# Working in the woods



## jeffreythree (Jan 9, 2008)

Everyone likes to see pics, and so I will throw a few in that are not just milling. I spent to much time messing with a deer feeder and scouting for beaver runs to get rid of one, but managed to get 3 of the cedars down I mentioned in my other thread as well as some other stuff. It was a hard working 3 hours since I have no machinery, just a log arch. First is a fine example of my dead cedar trees. Next is my little pile of 6 cedar, a small, dead hickory(full of bugs, so fire/smoker wood), and a short cedar elm. Logrite Junior in action after that holding up a cedar elm that was in the way of my deer stand view, love how it holds that log up to buck firewood. The cypress tress are coming along nicely, 4-5 feet tall after 18 months.

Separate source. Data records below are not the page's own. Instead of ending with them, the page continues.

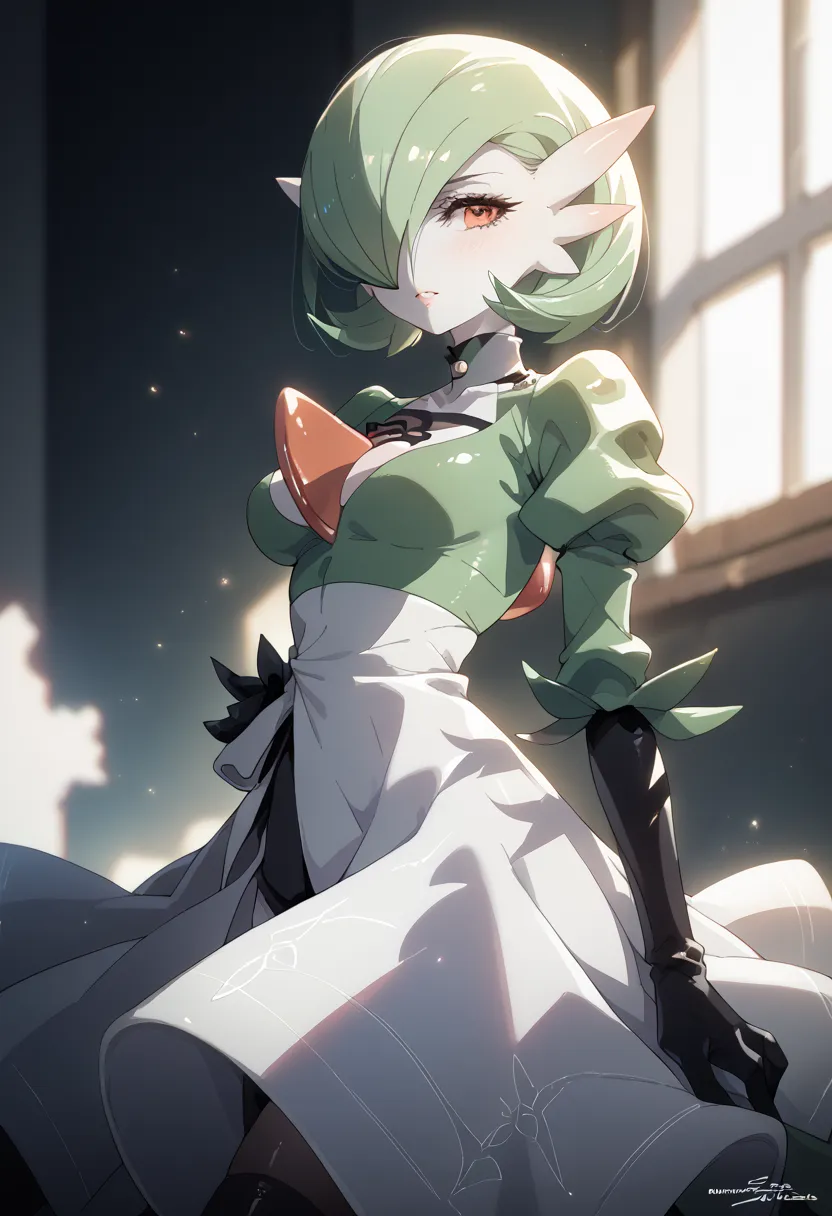 masterpiece, high definition , best quality,8k (gardevoir_ pokemon)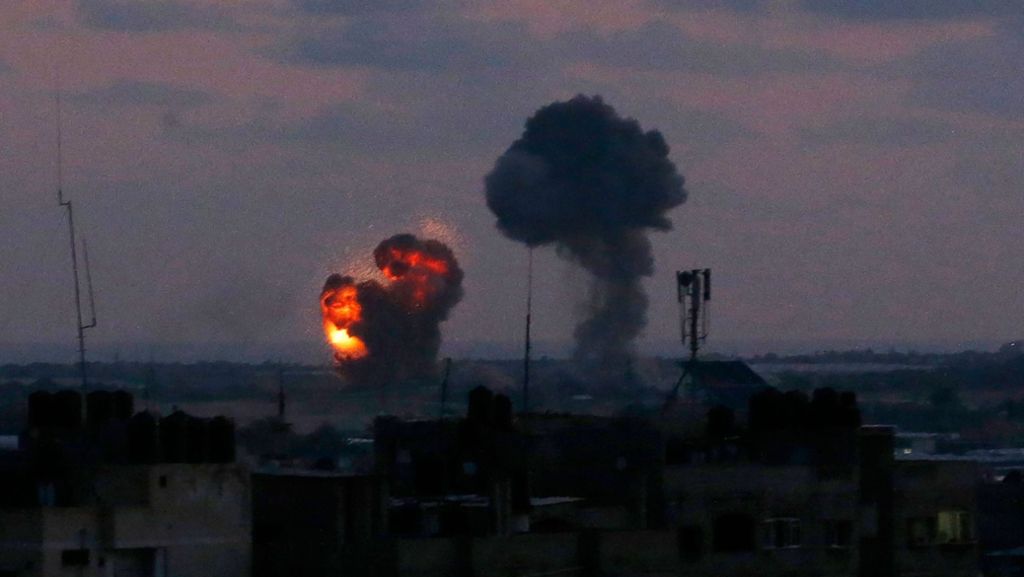 Nahost-Konflikt: Israel unter Raketenbeschuss - Luftangriffe auf Gaza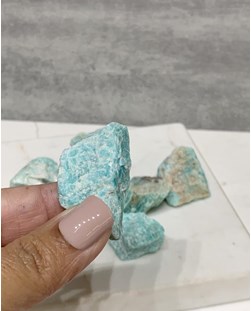 Pedra Amazonita bruta 13 a 20 gramas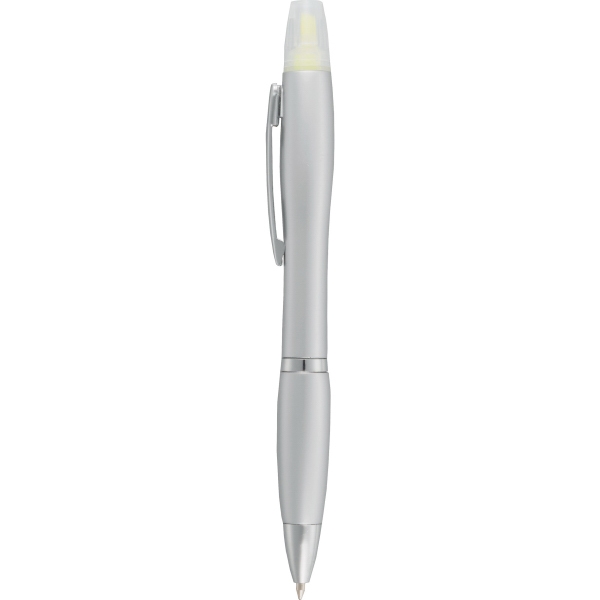 Aluminum Metal Ballpoint Pens with Highlighters, Custom Printed With Your Logo!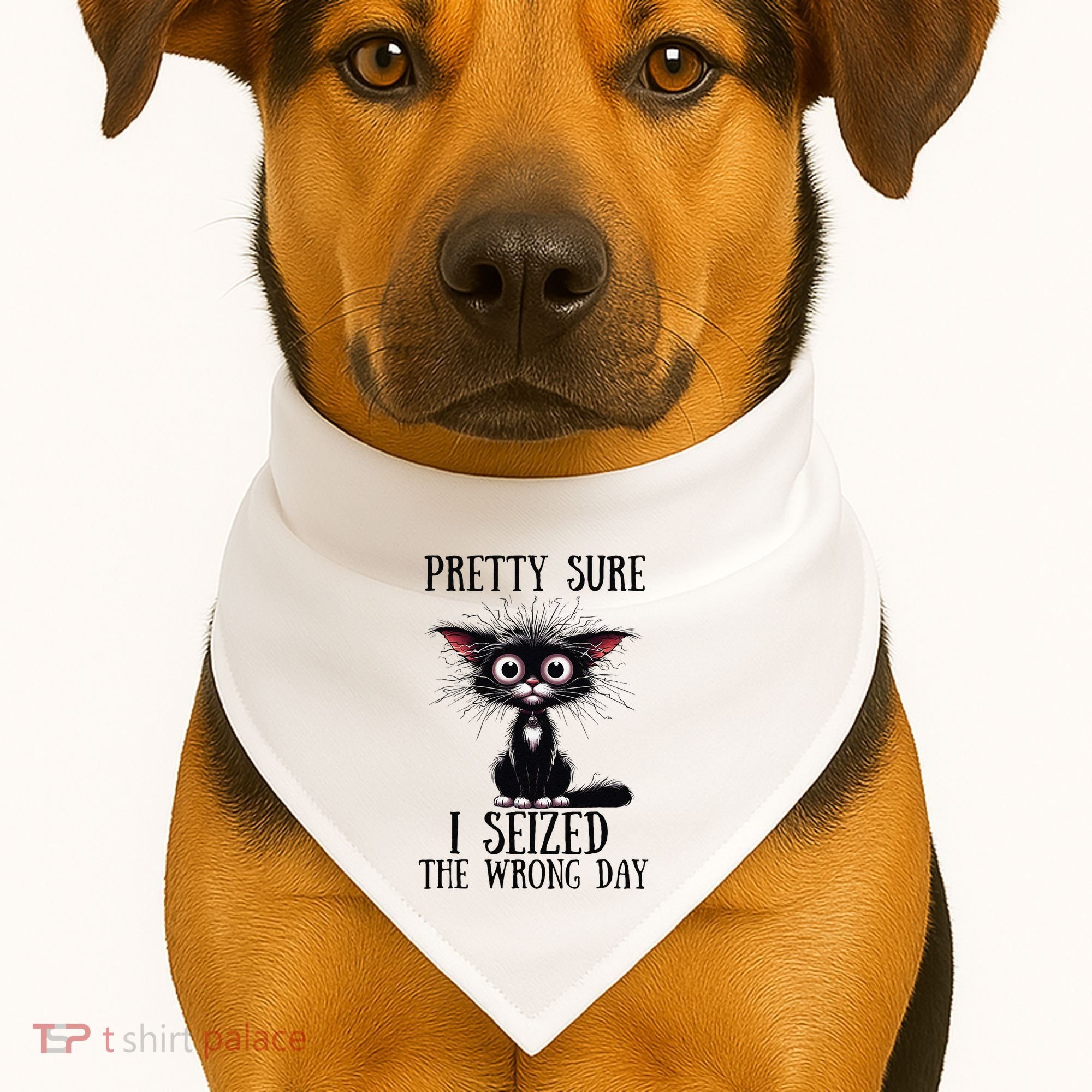 Pretty Sure I Seized The Wrong Day USA-Made Doggie Bandana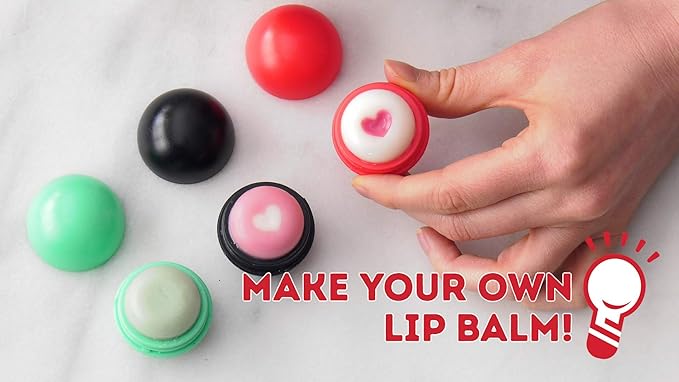 SmartLab Toys Go Natural Deluxe Lip Balm Lab with 20 Recipes, Tips and Techniques. STEM Science Lab-VivaGrace Women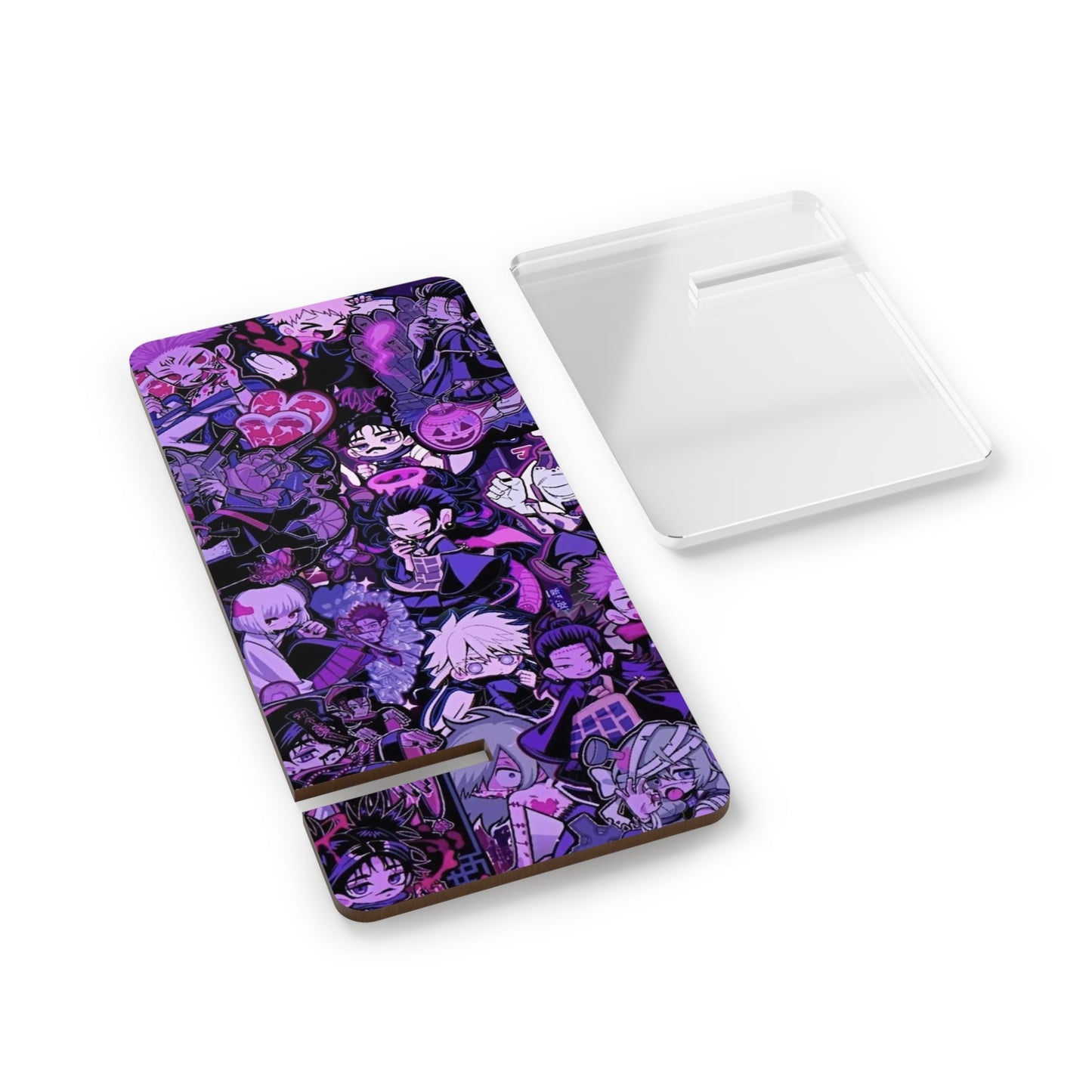 Purple Anime Collage Phone Stand — Decorative Mobile Display Holder - 6ix7even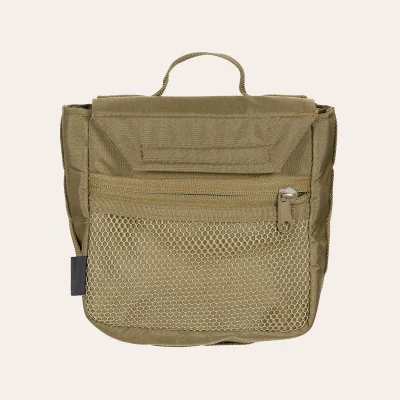 The MFH Mission II Pouch with Velcro system, padded and compatible with modular backpacks - robust universal pouch made of Cordura nylon.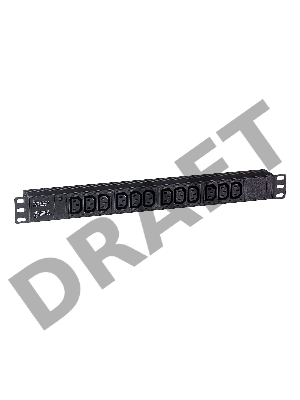 Блок розеток горизонтальный ExeGate ServerPro PDU-19H007 Al-12C13-C20, 19 Блок розеток горизонтальный ExeGate ServerPro PDU-19H007 Al-12C13-C20, 19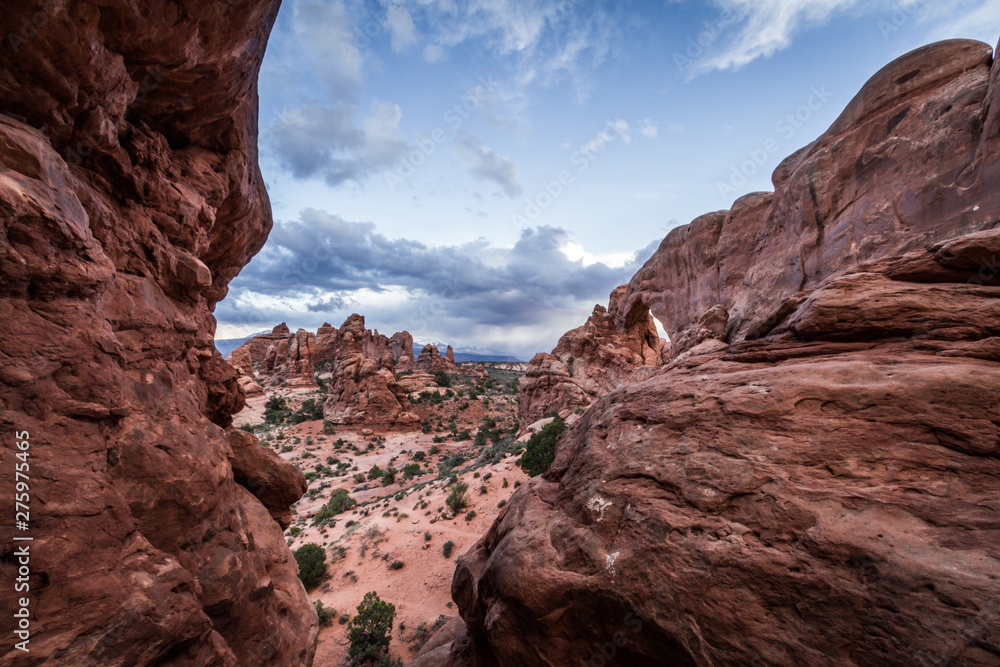 windows sections, red mountain, rare formations, arches national park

Finally, 3 or 4 ties or timbers of some kind washed into the pond from up stream and the turtles sure like them. I need to decide whether to spend my time next week milling or cutting more cedar, but will post some photos when they are milled or anything else interesting.


----------



## cody.sheridan-2008 (May 23, 2010)

cool turtle! Also I wish you luck in milling those logs.


----------



## TexasTimbers (Oct 17, 2006)

Looks like fun to me. That log on the right is very unique with the way it has a heart ring around the heart with sap in between. That should make some interesting lumber. 







.


----------